Patek Philippe and Audemars Piguet — when the budget allows
For collectors with the budget to start at the trinity tier, the Patek Philippe Calatrava in the entry-tier references and the Audemars Piguet Royal Oak (in the discontinued 16202 reference at roughly €70,000 to €85,000 secondary, or the current generation if boutique allocation is available) are the two pieces most commonly cited as defining trinity entries. The Patek Aquanaut sits between these and the sport-luxury register; the Royal Oak Jumbo is the architectural-design defining piece.
The Patek Nautilus reference 5711 — discontinued in 2022 and now trading between roughly €100,000 and €130,000 on the secondary market — sits beyond entry territory but anchors the contemporary sport-luxury conversation. Most collectors don't start here; collectors who have built up to the trinity tier through a few years of considered acquisition tend to.
The Cartier Tank and Jaeger-LeCoultre Reverso — the dress register
For collectors whose first significant watch sits in the dress register rather than the sport register, the Cartier Tank Louis Cartier (around €12,000 to €15,000 in the current production) and the Jaeger-LeCoultre Reverso Classic (from around €8,000 to €15,000 depending on case size and configuration) are the two references that come up most often.
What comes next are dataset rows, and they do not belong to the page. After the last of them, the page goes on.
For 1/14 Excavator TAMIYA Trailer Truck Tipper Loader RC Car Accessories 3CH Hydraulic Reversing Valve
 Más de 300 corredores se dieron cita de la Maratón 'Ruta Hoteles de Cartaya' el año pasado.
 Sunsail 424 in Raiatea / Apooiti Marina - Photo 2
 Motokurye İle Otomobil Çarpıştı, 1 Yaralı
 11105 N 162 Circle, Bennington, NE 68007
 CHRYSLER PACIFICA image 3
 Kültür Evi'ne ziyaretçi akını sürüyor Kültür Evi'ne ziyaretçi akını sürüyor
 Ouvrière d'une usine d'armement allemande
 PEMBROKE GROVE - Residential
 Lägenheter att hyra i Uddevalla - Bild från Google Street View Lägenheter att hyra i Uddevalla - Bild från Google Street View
Both have the kind of cross-generational design credibility that supports long-term collecting; both anchor brand catalogues with the depth to support more advanced collecting later.
The Reverso particularly — with its flippable case design dating to 1931, originally for polo players — is the rare modern piece that genuinely reads as historical design rather than as styling exercise. Hodinkee and the major auction houses have been giving the Reverso increasing page space across the past three years.
What collectors actually look for
The pattern across these references is consistent. They're all pieces with credible heritage that runs at least two decades; they're all supported by deep secondary-market trading depth; they're all from brands whose production discipline has held over generations. The references that come up consistently in serious collector first-watch advice tend to share these attributes; the references that don't get this advice tend to fail on one or more of them.
The discipline new collectors most often skip is patience. The most considered first watches are bought after months of catalogue reading, dealer-floor visits, and ideally an in-person handling of two or three competing references. The collectors who buy fastest tend to buy worst; the collectors who take their time tend to make first-watch choices that anchor decades of collecting that follows.